- Interactive map of La Rochelle
- 18°54′24″S 32°41′29″E﻿ / ﻿18.90667°S 32.69139°E
- Location: Penalonga, Mutasa District, Manicaland Province, Zimbabwe
- Nearest city: Mutare

History
- Built: 1951–1953
- Built for: Sir Stephen Courtauld MC FRGS; Lady Virginia Courtauld, née Peirano;
- Original use: Country estate, and botanical gardens

Site notes
- Area: 108 ha (approximately)
- Restored: 2014–2015
- Current use: Hotel, and centre of agricultural education
- Governing body: The National Trust of Zimbabwe

= La Rochelle (Zimbabwe) =

Country estate in Zimbabwe

La Rochelle is a country estate situated in the Imbeza Valley of the Eastern Highlands mountain range. Owned by the National Trust of Zimbabwe, the estate was originally built for Sir Stephen Courtauld and Lady Virginia Courtauld, née Peirano.

==History==
The house at La Rochelle was built by Sir Stephen Courtauld and his wife Lady Virginia Courtauld, who settled in Southern Rhodesia in 1951. Architects were invited to design an ambitious property intended for entertainment on a grand scale. The construction of the house was completed in April 1953 and the Courtaulds' fine collection of furniture, paintings and other art from their former home Eltham Palace in London was brought to La Rochelle. A large botanical garden incorporating an arboretum and pinetum was established with the professional help of the British horticulturist John Henry Mitchell. The indigenous wild bush lands in the grounds were also carefully preserved. Orchid houses containing exotic, rare and indigenous orchids were also established.

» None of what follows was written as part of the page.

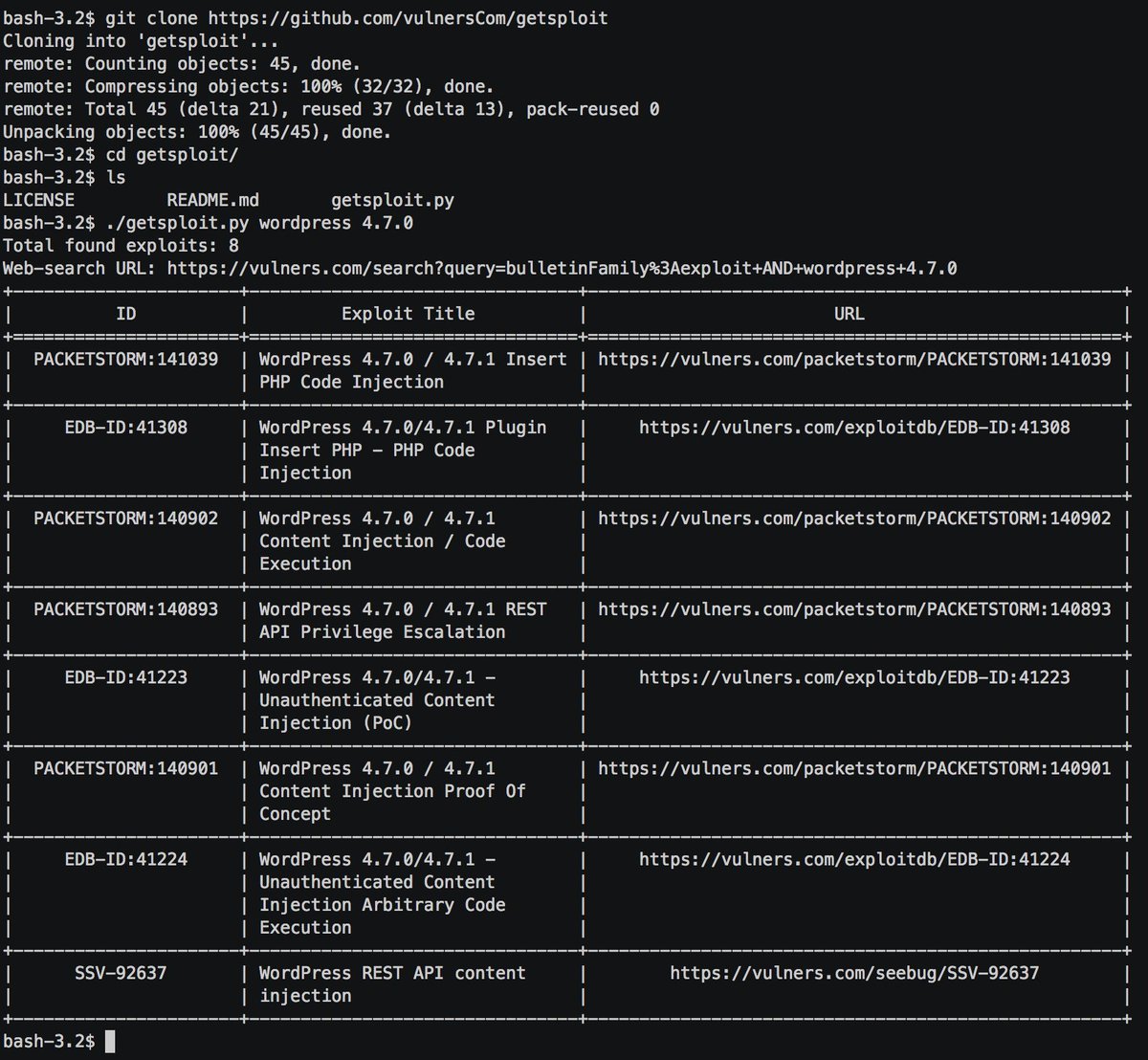 VulnersCom's tweet photo. Need #exploits? We've got the largest collection it the world. Try #getsploit utility and feel the power of the #force! Search across all major exploit databases from the single utility. #exploitdb #packetstorm #metasploit
https://t.co/iLfVSBdC5t
https://t.co/1KNJ9o8s07 https://t.co/NI36092sJq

The Courtaulds frequently entertained at La Rochelle and held weekly grand dinners for local people and overseas guests. Visitors to Government House in Salisbury (now Harare) regularly went on to La Rochelle as part of their visit to Rhodesia. Distinguished visitors were asked to engrave their signatures with a diamond-tipped stylus on the two large end windows in the house. Signatures include those of Rab Butler, Sybil Thorndike, Julian Amery, Julian Huxley, and Laurens van der Post.

The Courtaulds were very active philanthropists in Rhodesia. Their achievements included the funding of the construction of buildings for the Courtauld Theatre and Queen's Hall in Mutare, and the auditorium of what is now the Zimbabwe College of Music in Harare. Stephen Courtauld presided as chairman of the Board of Trustees of the what is now National Gallery of Zimbabwe. He contributed to the construction costs and provided a substantial endowment fund for the Gallery. The Courtaulds were sponsors of the Capricorn Africa Society, a pressure movement that sought to improve relations between races in the British-administered countries of sub-Saharan Africa. In 1964 the Courtaulds funded the establishment of an agricultural training school named 'Kukwanisa' in the Tsonzo area of Nyanga for African smallholder farmers, which was destroyed during the subsequent war years.

Stephen Courtauld died in Rhodesia in 1967 and Virginia moved to Jersey in 1970, aged 86. In accordance with her husband's wishes, she left the property to the Rhodesian National Trust, requesting that La Rochelle be used as “a venue for conferences either of a public, national, international or educational character”.

==Recent developments==
After periods of disuse and shortages of funding the property was restored and gardens rejuvenated in 2014–15. A hotel with conference facilities incorporating the Courtaulds' house was opened in 2015, and an organic herb farm, with an associated farming training centre, was established in the grounds.